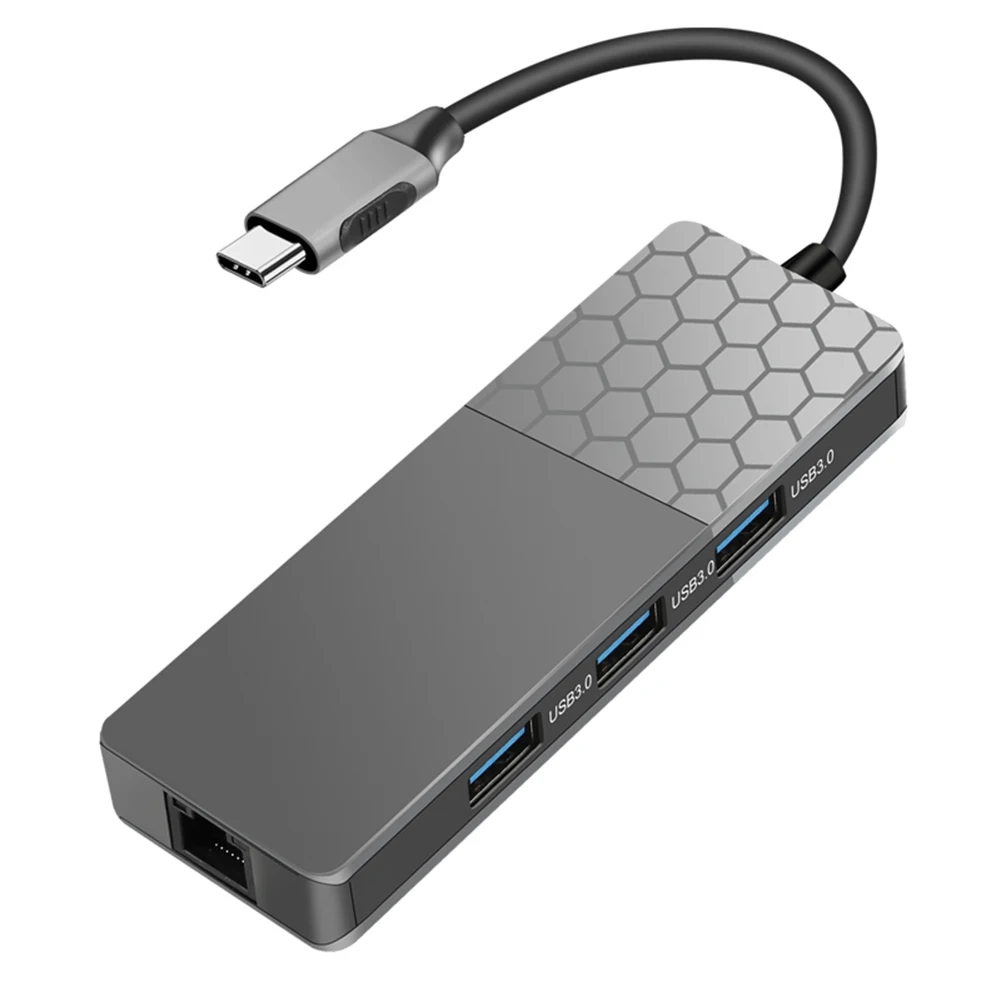 Laptop Razširitveno Postajo napajalniki USB 3.1 C Hub Ethernet Adapter s 3 USB 3.0 Vrata Pomnilniških Kartic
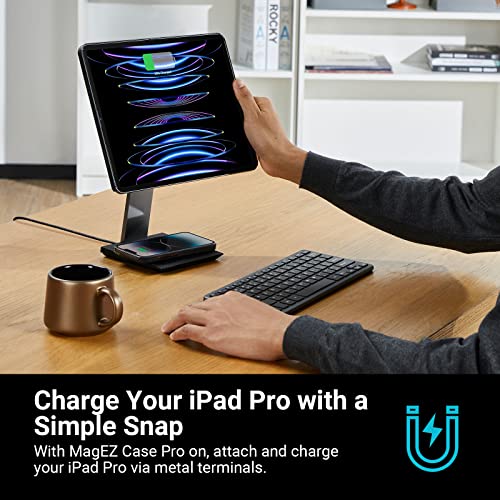 PITAKA Magnetic Wireless Charging Stand Holder Only for MagEZ Case Pro for iPad Pro/iPad mini 6 [MagEZ Charging Stand] Adjustable iPad Stand with 15W Wireless Charging Base for Smartphone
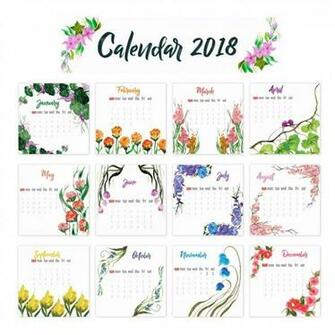 Vector Calendar Floral Design My Graphic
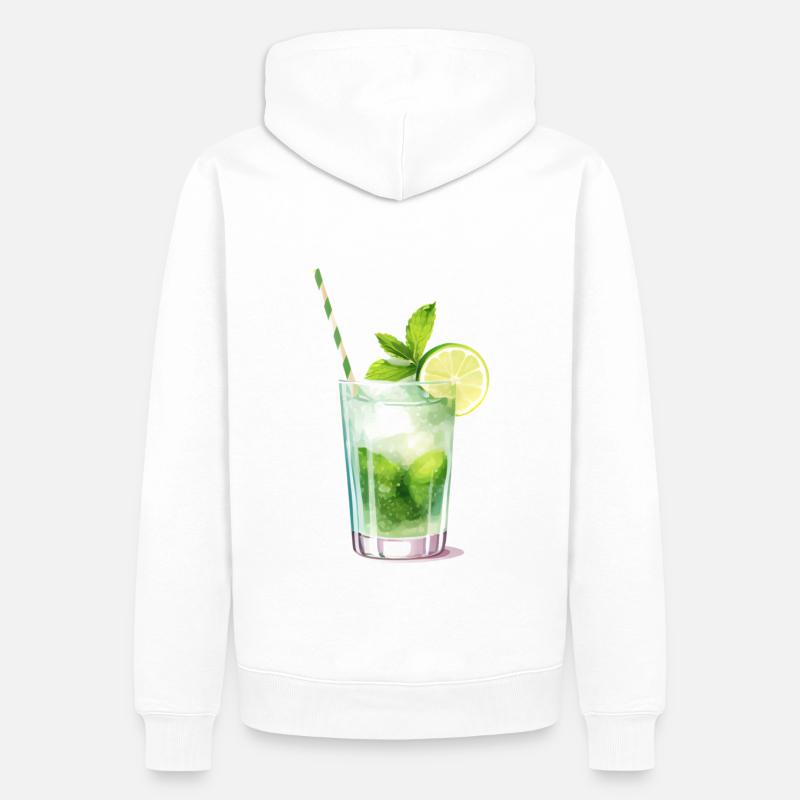 Mojito Cocktail Long Drink - Sweat à capuche Premium bio Homme - blanc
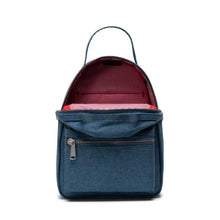 Load image into Gallery viewer, Front view of the copen blue mini backpack with the main compartment unzipped. The interior lining is a pattern of red and white vertical lines.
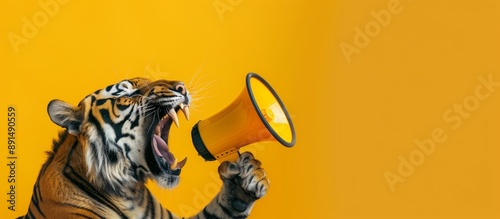 Animal tiger marketing promotion Announcing Message Through Red Megaphone, concept fun idea photo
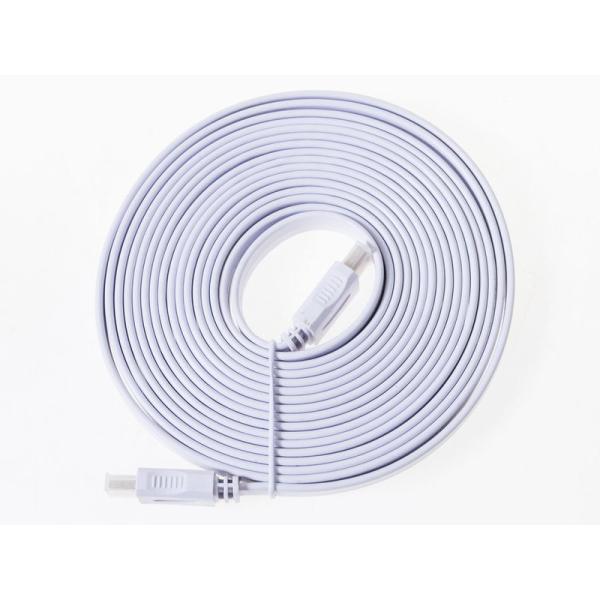 HDMI オス TO オス アダプタ コネクター 延長ケーブル 平タイプ#ホワイト5M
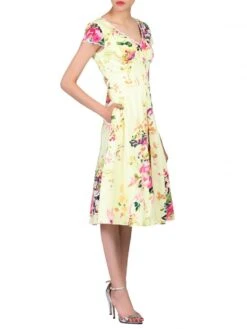 Floral Print 50s Dress, Yellow Floral 6 Floral Print 50s Dress, Yellow Floral -DORIA Clothing Shop 5053319225898 2 59649 4194178b ed22 4353 ac9f 795b90c75ab8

##########

Exercise description: Once the line holding "HDMI オス TO オス アダプタ コネクター 延長ケーブル 平タイプ#ホワイト5M" is found, set it down along with every line after it through the end of the entries, exactly, leaving the pictures out.

Task result:
 HDMI オス TO オス アダプタ コネクター 延長ケーブル 平タイプ#ホワイト5M
 Floral Print 50s Dress, Yellow Floral 6 Floral Print 50s Dress, Yellow Floral -DORIA Clothing Shop 5053319225898 2 59649 4194178b ed22 4353 ac9f 795b90c75ab8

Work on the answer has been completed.